My favorite childhood book was "Beautiful Joe: A Dog's Own Story" by Marshall Saunders. I found a copy of it a few years back in an antique store. I loved the book, narrated in first person by Joe himself, because it showed compassion and alerted me to how inhumane people can be toward animals--and also how loving.
What is the first book that made you cry?
Probably "The Call of the Wild" made me cry. I loved Buck and hated to see him go wild in the end. Now, I like his "choice."
If you could tell your younger writing self anything, what would it be?
Don't be afraid to be funny. Not everything is deadly serious when it comes to writing.
What was an early experience where you learned that language had power?

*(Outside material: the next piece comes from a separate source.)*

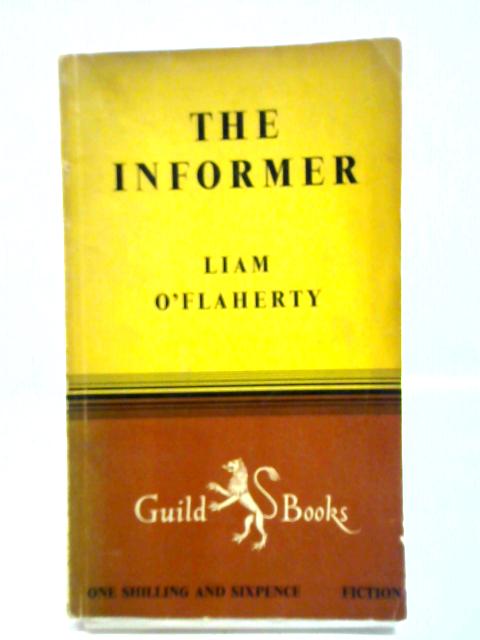 The Informer von Liam O'Flaherty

When i was five and visiting a friend's hose, I wanted to show them that I was disappointed that I couldn't stay for supper. I really wasn't disappointed, because my friend's mother was a terrible cook, and mine was terrific. Anyway, to feign disappointment, I said "Dad blame it." My friend's mother turned abruptly and scolded me about using "slang." I didn't know what I was saying then, just repeating what I had heard at home. This same family, though, made no bones about using "Ni***r" for black people. Very enlightening for a small boy.
How many unpublished and half-finished books do you have?
I have one book that I'm currently shopping around. At least one more beyond that.
What does literary success look like to you?
Those moments when I am reading an essay to an audience--any size audience, any place--from one of my two already published books (from Third Lung Press of Hickory, NC).
Do you view writing as a kind of spiritual practice?
In the sense that I go deeply inside myself, lose track of time, and find details and memories coming from some hidden part of my mind, yes, I do find writing "spiritual." I think doing yoga is spiritual, too, but that's as close as I ever get to anything of that nature.
Do you hide any secrets in your work that only a few people will find?
Not really. I change names, but anyone who knows the story, or rather who lived the story alongside me, can reasonably figure out who these "characters" are.
Anything else you'd like to share?
Regarding the essay published here, I still like to find old diners, even if the coffee is not "gourmet." There's a place in Bath County, VA., called The Country Cafe. They serve Maxwell House, and it's delicious. It tastes like a memory that I enjoy re-experiencing.